A mother who claims teachers secretly manipulated her 11-year-old daughter into changing her gender identity and name has filed a legal case against a tiny California school district.

Spreckels Union School District was responsible for “extreme and outrageous conduct” that led the student on a path toward transitioning as a boy and drove a wedge between mother and child, according to the claim filed Wednesday by a conservative legal group.

Jessica Konen said two middle school teachers who ran the school's Equality Club — later known as UBU (You Be You) — had planted the seed in her daughter's head in 6th grade that she was bisexual and then introduced the idea she was transgender.

The legal claim that is a precursor to a lawsuit follows a flare up of tensions in the district last fall after the author of a book widely criticized as “anti-transgender” quoted the two teachers speaking at a conference about how to run an LGBTQ+ club in a conservative community.

Spreckels is a speck of a town in the agricultural Salinas Valley, about 90 miles south of San Francisco. It was once home to the world's largest sugar refinery and was the setting for some of the scenes in the 1955 film based on John Steinbeck's “East of Eden.”
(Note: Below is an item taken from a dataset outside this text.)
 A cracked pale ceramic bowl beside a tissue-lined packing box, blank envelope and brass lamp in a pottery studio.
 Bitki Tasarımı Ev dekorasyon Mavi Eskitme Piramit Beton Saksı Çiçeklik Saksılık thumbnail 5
While Konen said her daughter had revealed she was bisexual, the mother was unaware she was identifying as a boy until she was called to a meeting at the Buena Vista Middle School principal’s office in December 2019 when her daughter was in 7th grade.

She wasn’t told the purpose of the meeting until her daughter entered the room and sat across a table from her and teacher Lori Caldeira broke the news.
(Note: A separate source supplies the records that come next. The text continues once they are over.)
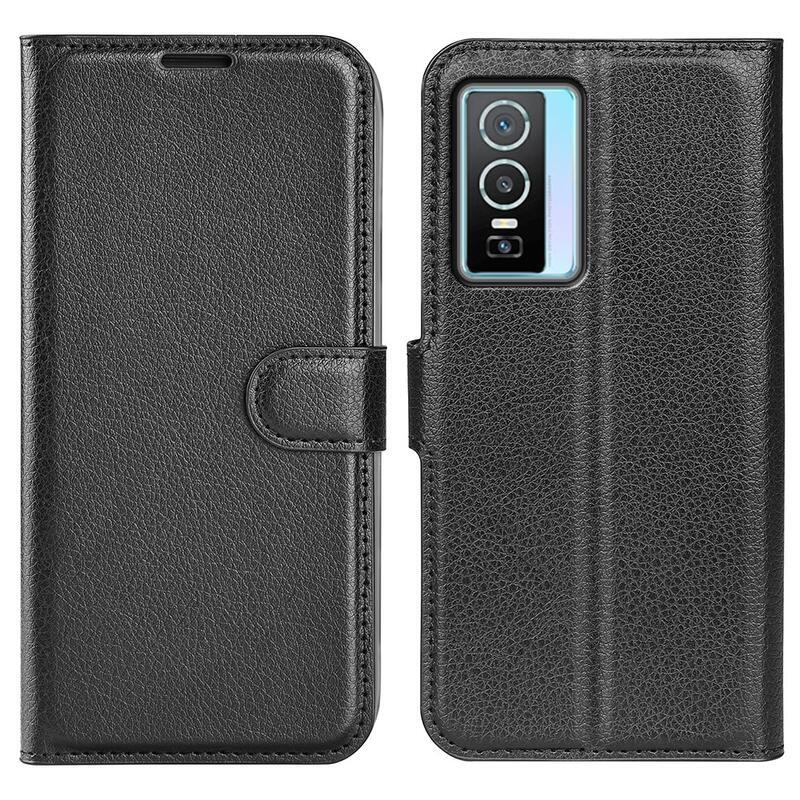 Litchi PU kožené peněženkové pouzdro na mobil Vivo Y76 5G/Y76s - černé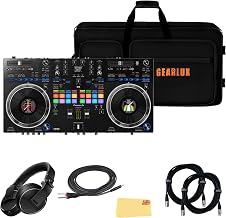 PIONEER DJ DDJ-REV7 Scratch-Style 2-Channel Professional DJ Controller Bundle with Case, HDJ-X5-K Headphones, XLR Microphone Cable, TRS to Dual TS Breakout Cable, and Austin Bazaar Polishing Cloth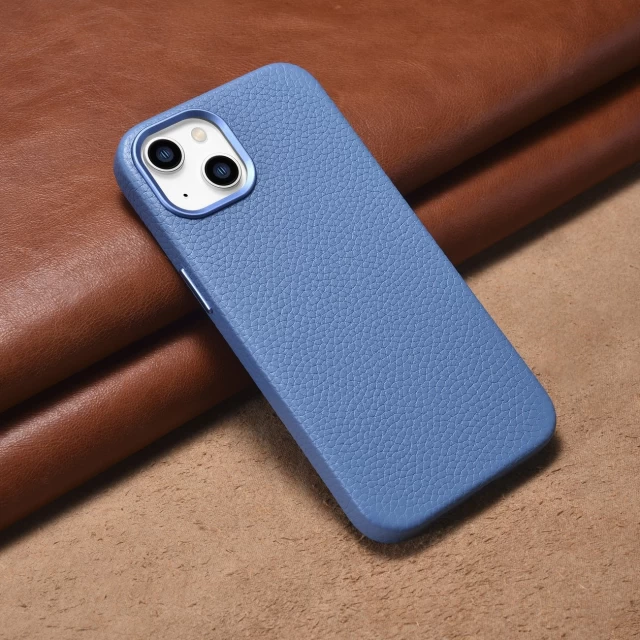 Чехол iCarer Litchi Premium Leather Case для iPhone 14 Light Blue with MagSafe (WMI14220709-LB)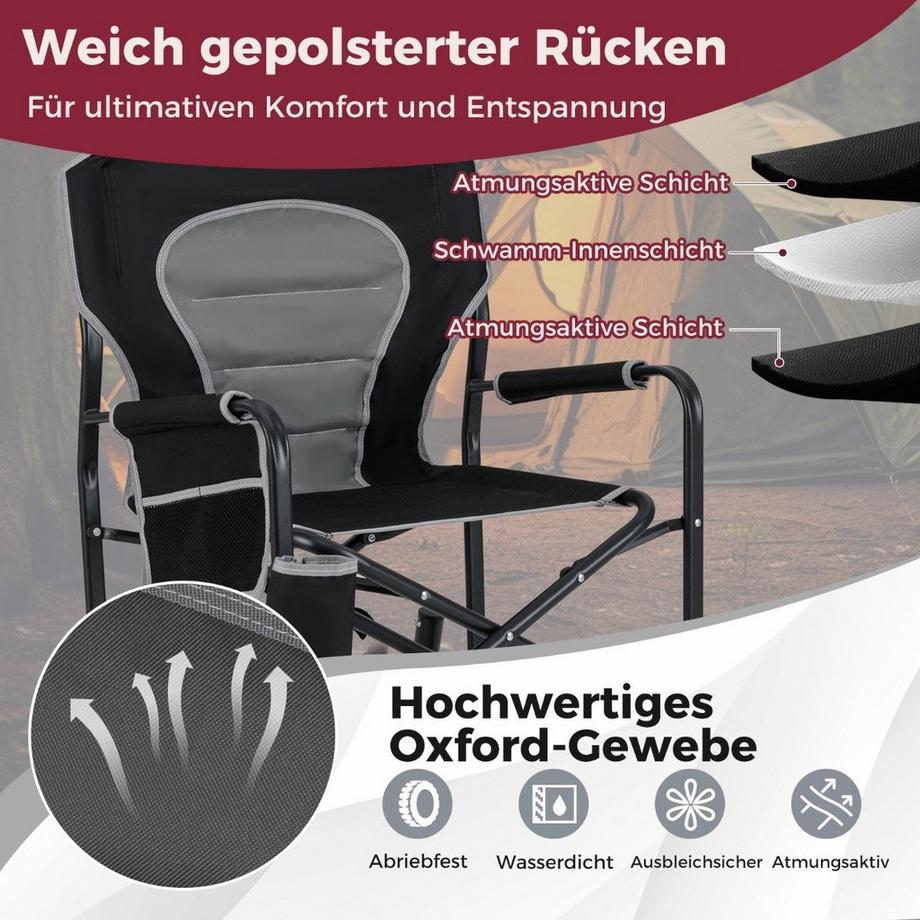 Northix  Sedia da campeggio pieghevole con funzione di dondolo, portabicchieri e sedia da pesca con tasca laterale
“I literally was caught off guard. I was blindsided,” Konen said. “I didn’t even know what to feel like because I didn’t even know where it came from.”

Konen said she began to cry.

She said her daughter was also caught by surprise. She had told teachers she wanted to notify her mom, but didn't know they had set the meeting up that day.
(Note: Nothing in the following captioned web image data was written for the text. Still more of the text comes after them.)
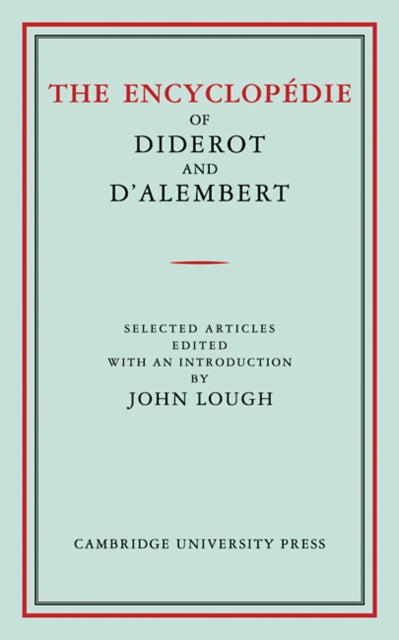 Book cover of: Encyclopedie of Diderot and D'Alembert. By: Denis Diderot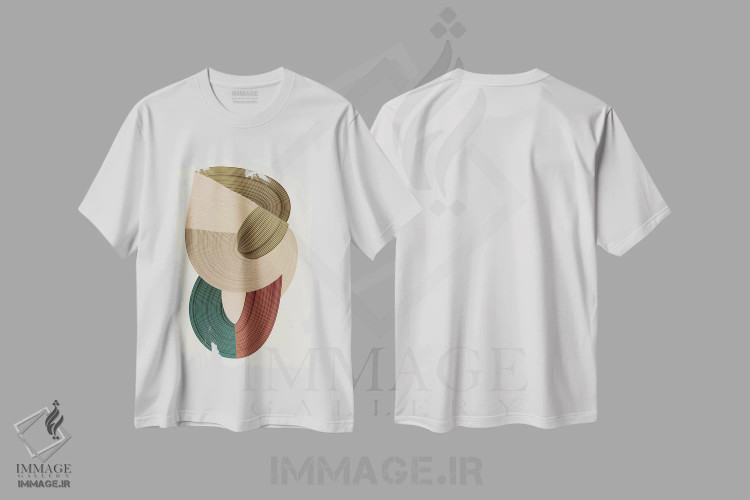 تیشرت سفید طرح دار الیاف ۱، آبستره اثر دیزاین فابریکن | immage.ir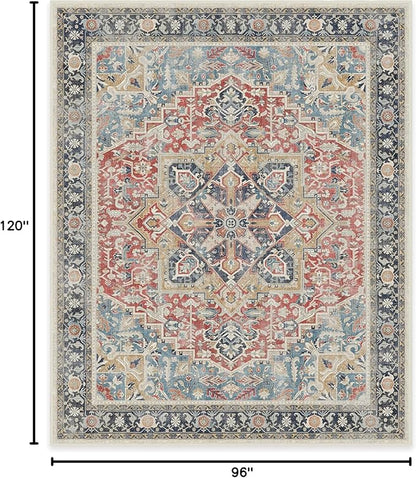 RUGGABLE Washable Vintage Area Rug – Kamran Cayenne Red 8x10, Stain-Resistant, Non-Slip – Large Machine Washable Rugs for Living Room, Bedroom, Hallway, Entryway & Office–with Standard Pad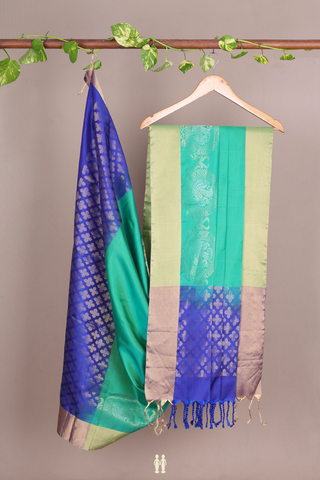 Peacock Design Sea Green Soft Silk Dupatta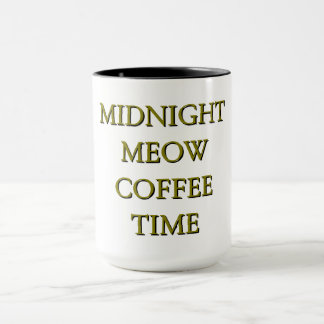 Midnight Meow Coffee Time–Black & Gold Cat Mug Mok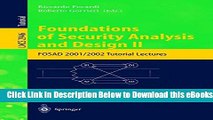 [Download] Foundations of Security Analysis and Design II: FOSAD 2001/2002 Tutorial Lectures Free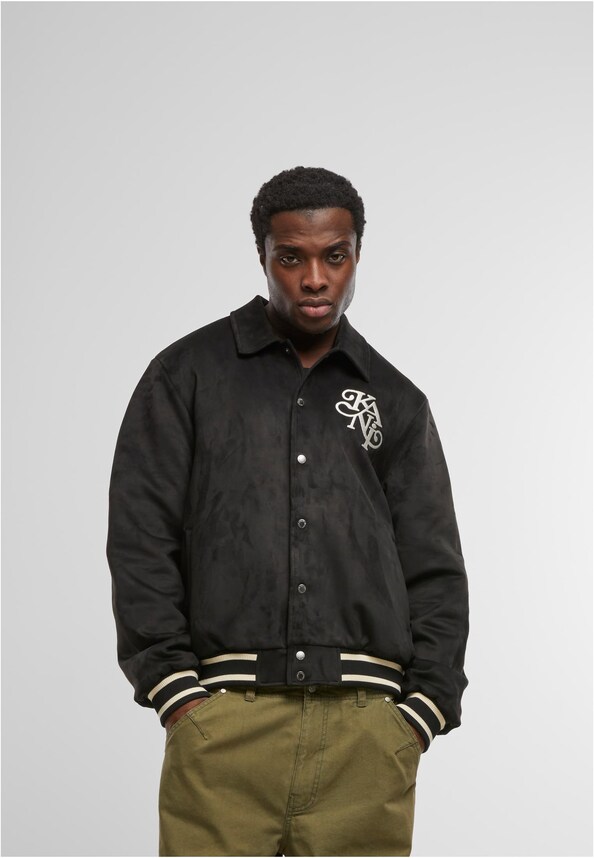 Kani Legacy Faux Suede Bowling Jacket-0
Konen said she gave the school permission to use a boy’s name for attendance purposes and tried to be supportive, but it was difficult.

When schools went to remote learning during the pandemic in March 2020, Konen said her daughter began returning to her “old self” and now uses her given name.

But it wasn’t until this fall that Konen began to question how her daughter got on the path to a different identity after the article by Abigail Shrier circulated around town.

In a leaked recording from a California Teachers Association conference, Caldeira and Kelly Baraki were quoted discussing how they kept meetings private and “stalked” students online to see who to recruit.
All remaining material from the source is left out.